Content starts
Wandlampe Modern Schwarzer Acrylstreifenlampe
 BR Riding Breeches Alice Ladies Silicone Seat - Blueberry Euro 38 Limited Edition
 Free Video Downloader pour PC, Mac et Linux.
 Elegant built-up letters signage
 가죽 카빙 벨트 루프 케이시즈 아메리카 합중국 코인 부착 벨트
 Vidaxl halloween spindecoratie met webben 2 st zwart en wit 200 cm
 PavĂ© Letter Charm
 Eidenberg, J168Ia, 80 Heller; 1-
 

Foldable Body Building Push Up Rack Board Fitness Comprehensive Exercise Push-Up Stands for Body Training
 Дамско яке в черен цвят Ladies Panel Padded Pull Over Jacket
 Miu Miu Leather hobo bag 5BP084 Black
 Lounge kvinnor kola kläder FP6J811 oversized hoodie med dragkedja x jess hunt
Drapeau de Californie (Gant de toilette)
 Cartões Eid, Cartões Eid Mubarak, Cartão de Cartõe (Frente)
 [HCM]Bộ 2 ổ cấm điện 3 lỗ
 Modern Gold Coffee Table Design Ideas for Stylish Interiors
Content ends
Using the material above, retype every line without altering it.

■ Output ■
Wandlampe Modern Schwarzer Acrylstreifenlampe
 BR Riding Breeches Alice Ladies Silicone Seat - Blueberry Euro 38 Limited Edition
 Free Video Downloader pour PC, Mac et Linux.
 Elegant built-up letters signage
 가죽 카빙 벨트 루프 케이시즈 아메리카 합중국 코인 부착 벨트
 Vidaxl halloween spindecoratie met webben 2 st zwart en wit 200 cm
 PavĂ© Letter Charm
 Eidenberg, J168Ia, 80 Heller; 1-
 

Foldable Body Building Push Up Rack Board Fitness Comprehensive Exercise Push-Up Stands for Body Training
 Дамско яке в черен цвят Ladies Panel Padded Pull Over Jacket
 Miu Miu Leather hobo bag 5BP084 Black
 Lounge kvinnor kola kläder FP6J811 oversized hoodie med dragkedja x jess hunt
Drapeau de Californie (Gant de toilette)
 Cartões Eid, Cartões Eid Mubarak, Cartão de Cartõe (Frente)
 [HCM]Bộ 2 ổ cấm điện 3 lỗ
 Modern Gold Coffee Table Design Ideas for Stylish Interiors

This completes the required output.